“—la luna era
ahora un borrón de tiza—“. Colibrí. Severo Sarduy.
Cantan la guaracha honda y acontecida con sus
modulaciones de barro hueco, caña madre de manos pomairinas. Las esfinges
morenas, regordetas y sonrosadas aplauden desde la última fila a contracanto de
las rechiflas de los pomposos vagos de la primera. La pochito cosa silba desde
su invisibilidad de nieta consentida asombrando con sus hechicerías barrocas al
viejo que escribe estas notas para matar la tarde fría y algo brumosa que se
reparte detrás de la ventana vidriada y los barrotes de claustro medieval. Una
bandada de tordos urbanos picotea las migas frente al alto muro penitenciario.

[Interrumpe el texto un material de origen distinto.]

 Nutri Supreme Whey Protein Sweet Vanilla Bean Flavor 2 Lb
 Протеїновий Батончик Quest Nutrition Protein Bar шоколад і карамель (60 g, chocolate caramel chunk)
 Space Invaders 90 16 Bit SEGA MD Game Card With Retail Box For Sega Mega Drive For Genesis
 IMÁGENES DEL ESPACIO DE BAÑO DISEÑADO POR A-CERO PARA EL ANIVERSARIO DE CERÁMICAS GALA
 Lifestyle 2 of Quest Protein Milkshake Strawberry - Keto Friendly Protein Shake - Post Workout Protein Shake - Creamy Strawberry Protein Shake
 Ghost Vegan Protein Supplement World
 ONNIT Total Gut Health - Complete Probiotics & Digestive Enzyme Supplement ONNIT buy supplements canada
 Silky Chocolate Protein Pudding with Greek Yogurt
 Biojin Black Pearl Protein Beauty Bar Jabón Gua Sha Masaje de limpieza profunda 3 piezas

Por
la calle larga vienen y pasan luces amarillas a pesar del día, o siluetas
marchitas caminando con el rostro entristecido, una espiral de palomas
aterrorizadas se eleva huyendo del chimango que planea depredador y soberbio. Los
ombúes van despertando del invierno, anchos y desproporcionados, con sus ramas
lerdas como arbolitos de cuento para niños relatado por un aviador extraviado
para siempre en un mar mediterráneo. El denso lejos de un olivo sin pájaros
posibles se recorta hacia el oriente cordillerano con su silencio verde
quieto contra le brumosidad de la
atardecida. Allá por el frente arde un fuego de largas llamas verticales, de
leña inadvertida o quizá carbón de espino, en presagio de una noche de carne
asada y secreta cumbiamba. Los estragos del azogue condensan la humedad que
entra por las rendijas, el vaho de las respiraciones, y el perfume agonizante
de las mustias flores atrapadas en un florero de cristal. El espacio se va
enturbiando como la anochecida ciega de afuera que recorre las calles a ras de
suelo entre las patas de los perros. Alguien se asoma furtivamente por la
ventana, alguien susurra una lastimosa plegaria, alguien abre una puerta e
irrumpe desapareciendo en la grietas del piso, su presencia momentánea solo la
percibe la llama de una vela que parpadea en medio del aire quieto del cuarto. Sobre
la mesa sin mantel hay un cenicero y una carta sin abrir, dos monedas de cobre
y un pequeño puñal de plata labrada. Como si se viniera acercando se escucha el
son atravesado de la guaracha y las voces chillonas de los bailantes, la música
es alegrona pero la letra desengaña, un sabor de aguardiente de caña y tabaco
despierta las flores marchitas como avisadas de primavera. No alcanza a irse aquel
bullicio jaranero por debajo del silencio cuando ya retumba en la esquina
opuesta la sonajera de las tamboras y del güiro de la cumbiamba, una alegría
tintineante entra por las rendijas con sus destellos de coloridas polleras y
sombreros de paja. Pero también el contento pasa disolviéndose en una calma sin
ecos y alguien se queda silbando los últimos compases cumbianceros. Arriba ya
es la noche, y la luna era ahora un
borrón de tiza.
Relato colorido ,pero algo añorante y triste....Bello.